2. The job of a hypervisor is to ensure that multiple OSes can run on a physical box without interfering with each other.
3. In many cloud deployments, a single VM instance only runs a single user-defined program, which is programmed to a higher-level runtime than the OS (eg. Node.js, JVM, Rails/Django, SQL).
4. Why do we need #1 then?
IMHO, the real interesting stuff happens when you start re-implementing the APIs that we actually program to, without the OS. For example, what if:
1. You could take any command-line ELF executable and build an AMI out of it. This AMI would have an HTTP interface that only accepted connections from certain security groups. It would take in the command-line args via query params, and let you construct a virtual filesystem containing only the files you operate on via request body. Imagine say a compile server that runs Clang on user-defined code and serves the executable back, to be run on its own VM. And the crucial part is - there is no persistent storage on the box, nor any code that would be worth attacking. If there's a bug in the executable and an attacker pwns the box, the worst he can do is corrupt the request. There is no shell. There is no filesystem. There is no TCP stack to make outgoing connections with.
2. You could re-implement Node.js for stateless webservers. Again, you'd have no filesystem; once the initial program starts, it's guaranteed to never touch disk, since it has no disk access. Node does its own scheduling, and this way Node's scheduler doesn't need to fight the OS scheduler. You could store preformatted HTTP packets or response fragments in read-only memory pages and send them out directly via RDMA.
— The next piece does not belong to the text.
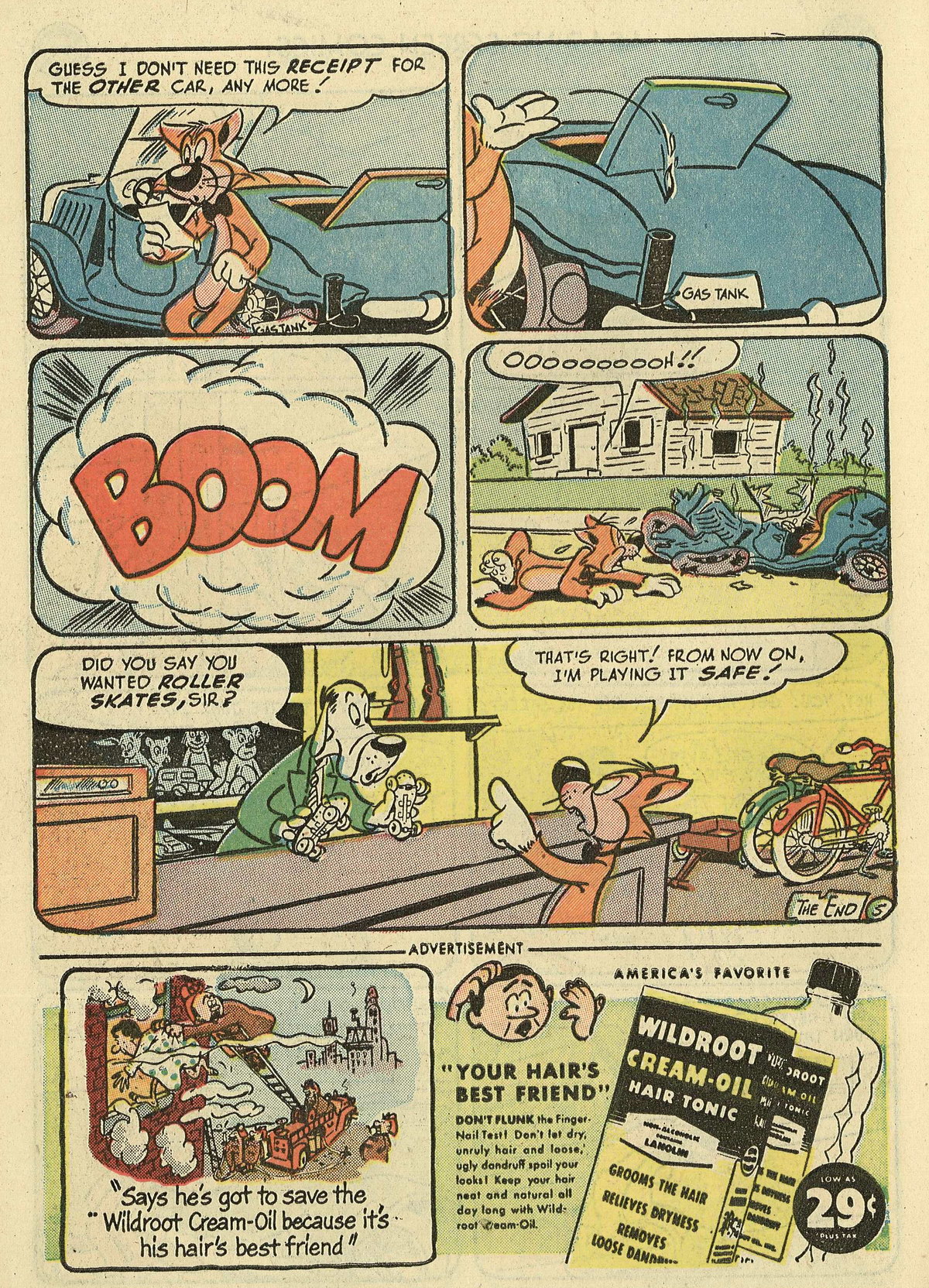 Read online Leading Screen Comics comic -  Issue #60 - 34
3. You could do a database or search engine that bypasses the filesystem entirely, instead writing directly to raw disk blocks. It can choose these disk blocks based on locality, since it knows the particular index structure and access pattern for the data, and doesn't have to fight the OS's attempts to hide the disk blocks under a file abstraction.
The point of unikernels is to take away stuff - it's not about which mode the CPU boots into, it's about removing all the code that is on a typical cloud computing image but has nothing to do with the job the instance is actually doing. All of this - shell, filesystem, DNS resolvers, etc. - is attack surface for a potential hacker, and it's often overhead when processing.